In 1998 one could walk down Le Duan Boulevard and gaze upon the shell of the former U.S. Embassy. The forbidding concrete grillwork and infamous rooftop helipad were still intact. I used to pass it twice a week—my favorite noodle joint was around the corner—and met many an American tourist gawking at the embassy gates. Later that year the building was torn down (surprise!) and replaced by the far less imposing U.S. consulate next door.
In those days history was still close enough to touch. A French expat I knew attended a reception honoring Vo Nguyen Giap, the legendary commander of the Viet Minh and architect of the French defeat at Dien Bien Phu. “And I had dinner with him!” my friend told me, incredulous. “If my grandfather had known I was having dinner with General Giap, he’d have killed me!”

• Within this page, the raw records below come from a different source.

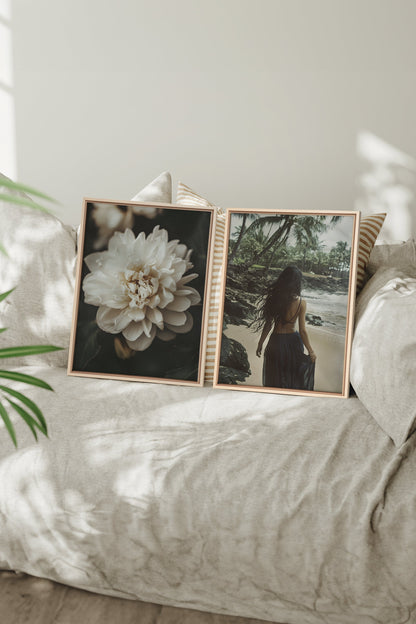 OLEKA CANVAS - DUO DANSE DU VENT, 2 Oeuvres sur toile étirée, encadré Naturel Clair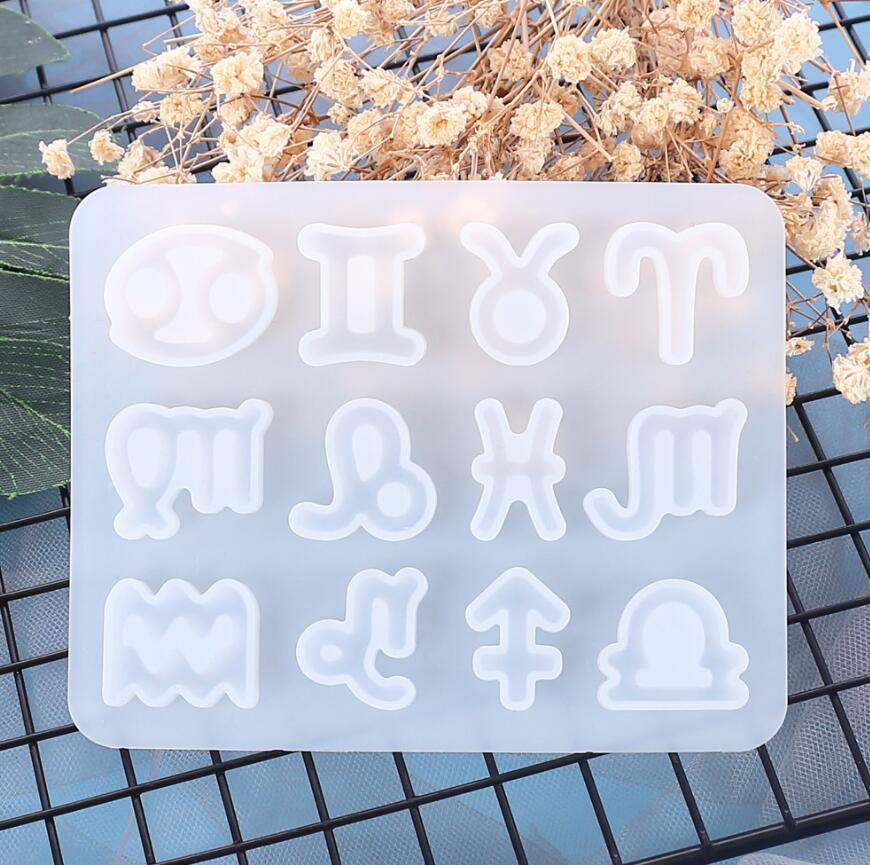 12 Constellation Crystal Epoxy Mould Stud Earrings Pendant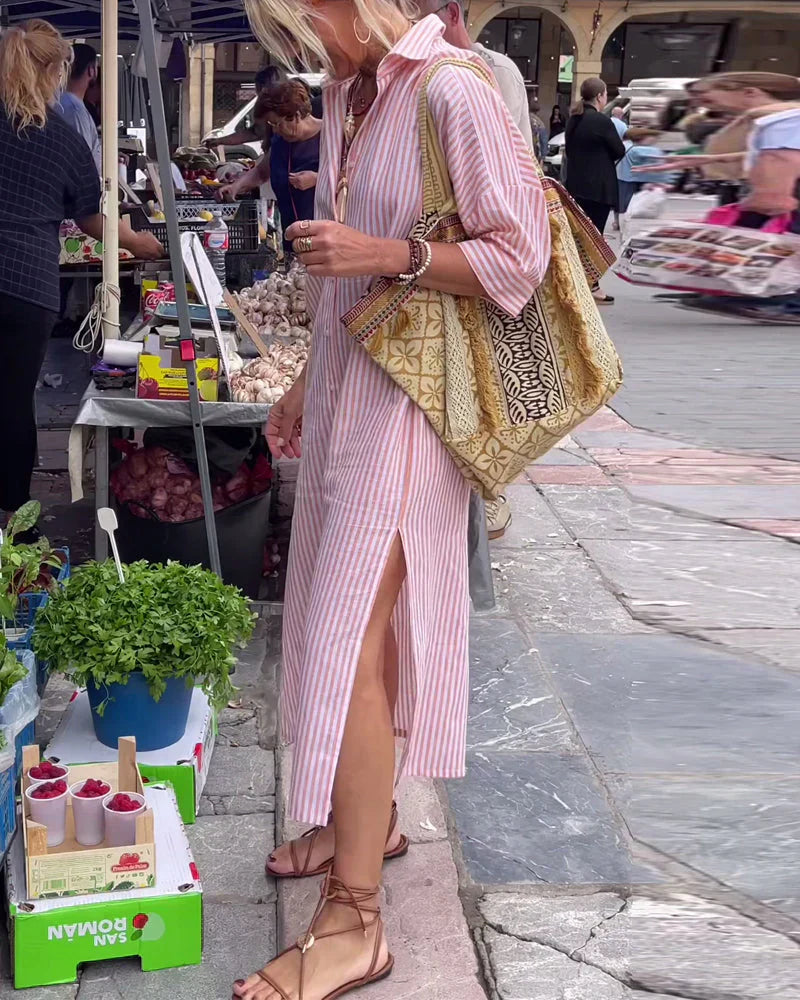 Brooke | Striped Button-Down Shirt Dress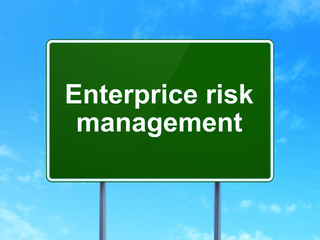 Business concept: Enterprice Risk Management on road sign background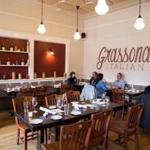 The dining room at Grassona?s Italian in Brookline.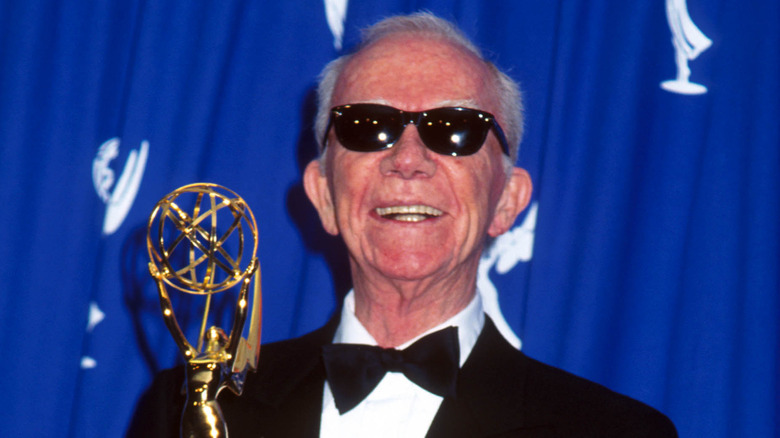 Ray Walston holding his Emmy 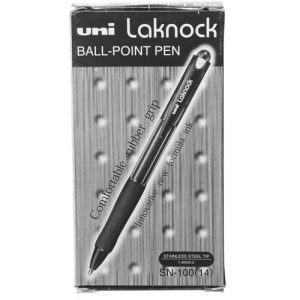 Pen Uniball Laknock Retractable Broad 1.4mm SN100 Black Box 12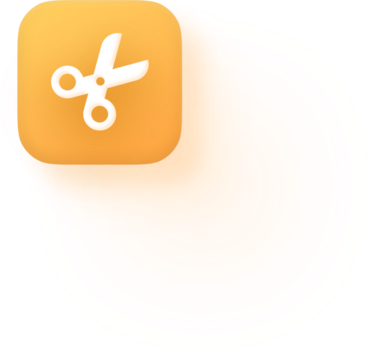Soft 3D Orange Scissors Icon png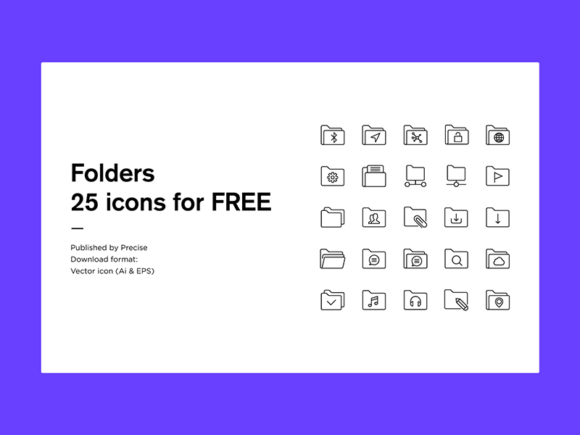 25 folder icons in vector format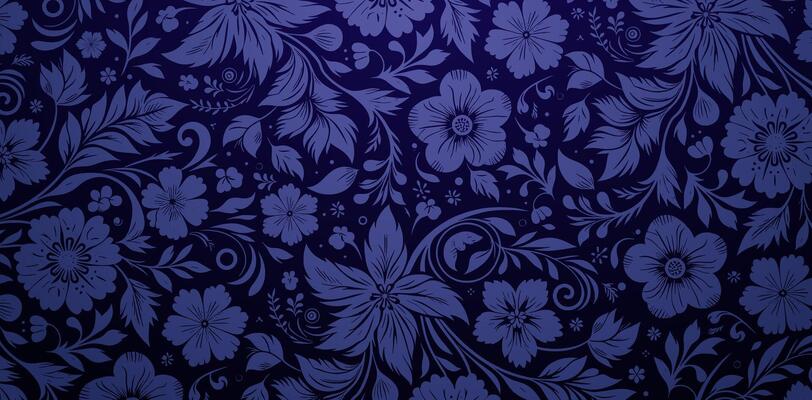 floral pattern with flowers leaves wallpapers dark blue backgrounds for Fashionable modern wallpaper or textiles, book covers, Digital interfaces, graphic print designs template materials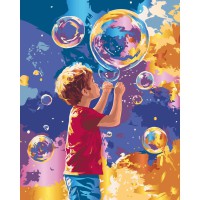 Картина за номерами "Яскраві бульбашки" з металізованими фарбами 10449-AC 40х50 см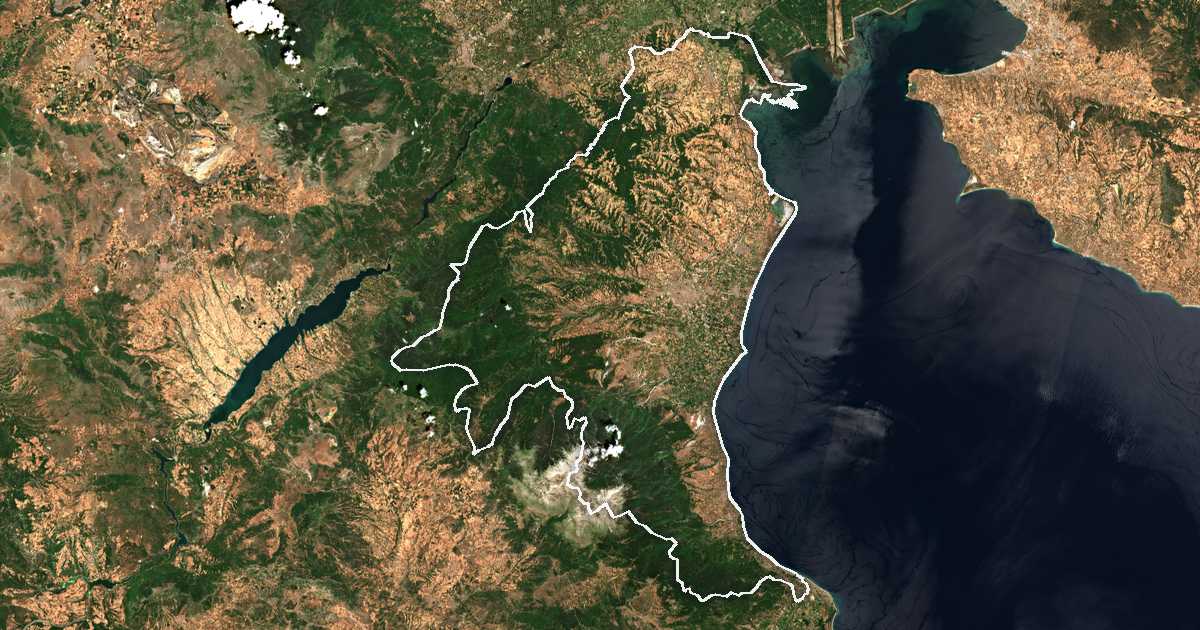 Imagen de satélite con el límite trazado: Piería
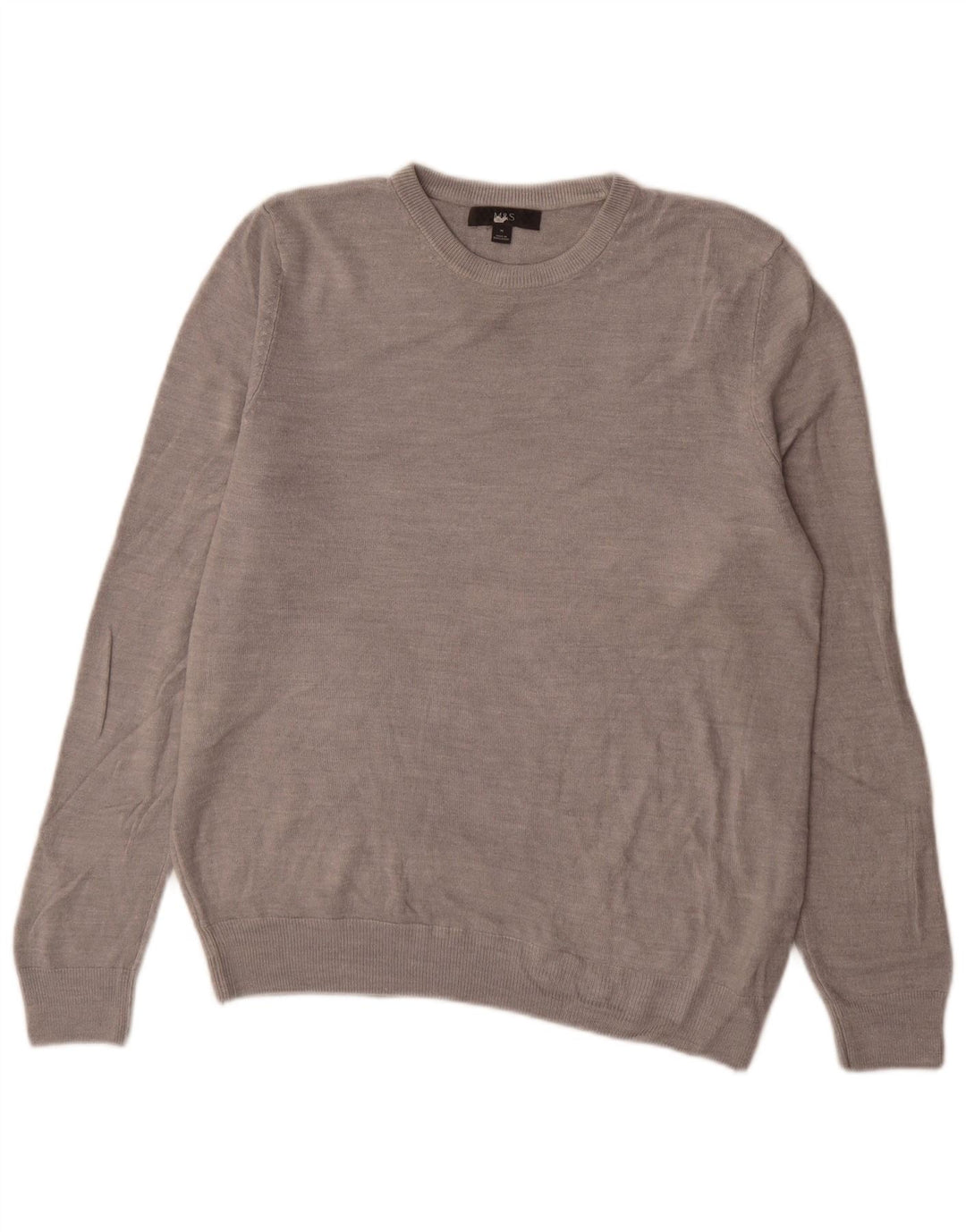 Maglione maglione girocollo da uomo Marks & Spencer grigio medio in acrilico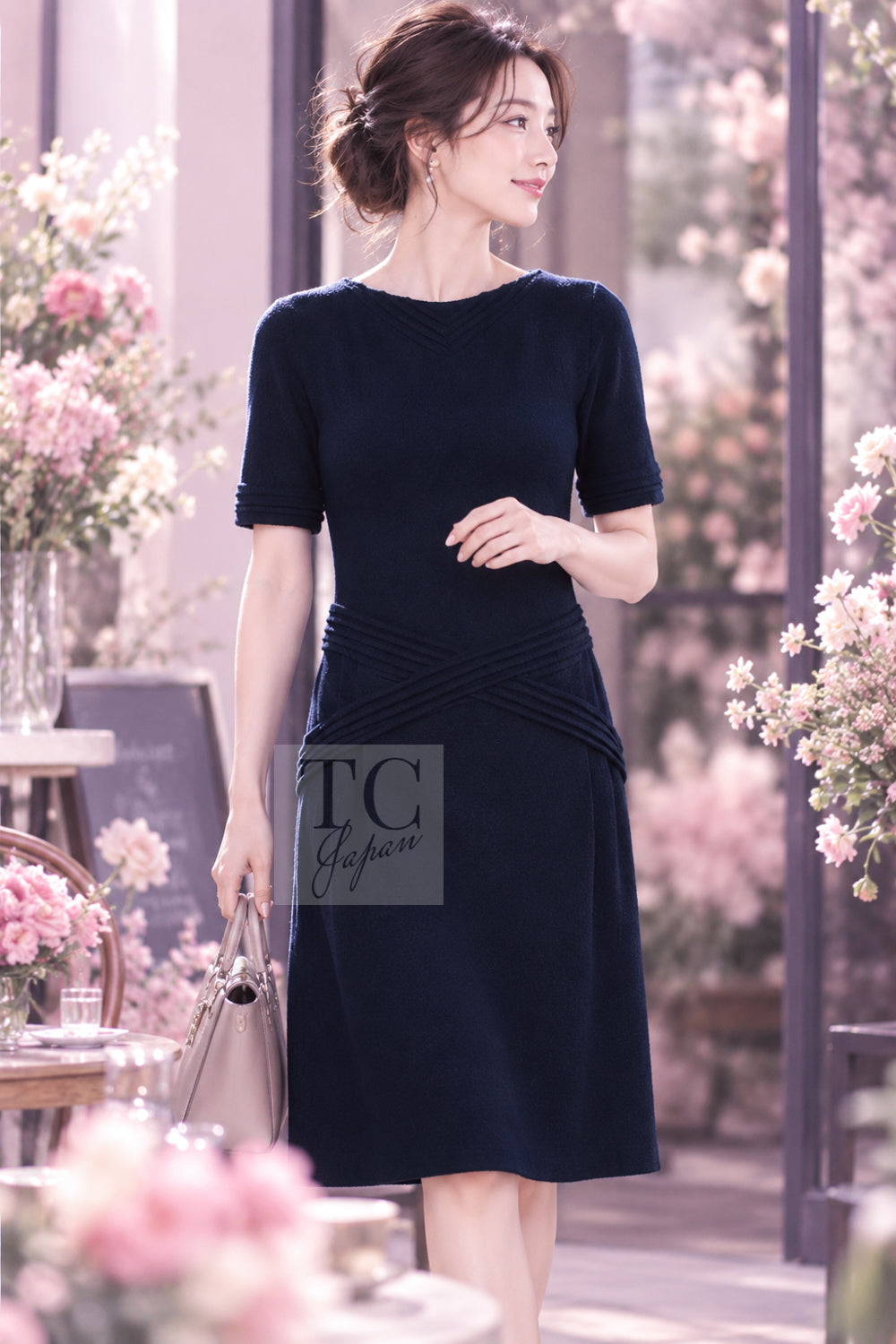 CHANEL Dress 12A Dark Navy Gripoix Wool Jessica Biel 36 40 | TW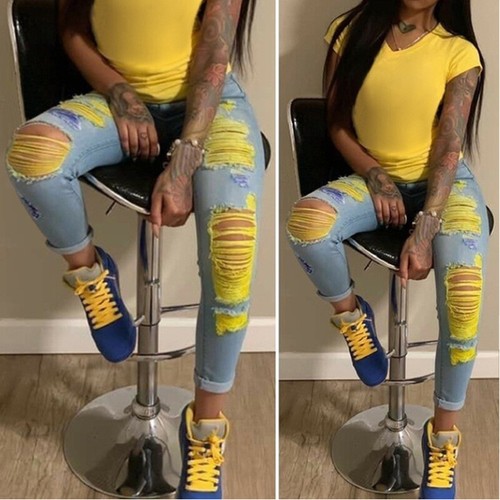 Ripped Jeans For Women Denim Pencil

That proximity to the past, notes Luc Lejeune, was exactly what people came for. “They came because of the references, the remnants of history. Whereas you didn’t need references to travel in, say, Thailand.” Why, then, do they come now?Saigon is no longer so cheap, which was part of its appeal before. Nor is it the quaint “land out of time” it was even a decade ago. These days few women wear the traditional ao dai tunic-and-trousers combo other than hotel clerks and restaurant hostesses, who only do so for tourists. Then again, today’s visitors—at least those under 35—seem more interested in Saigon’s present. They’re here for edgy fashion, for stylish restaurants and sultry nightclubs, for the Norman Foster skyscraper set to rise downtown.
I suppose I was lucky to get to Saigon when I did. Looking back, however, I was clearly mistaken—I and all my fellow travelers who came believing that whatever could happen here already had.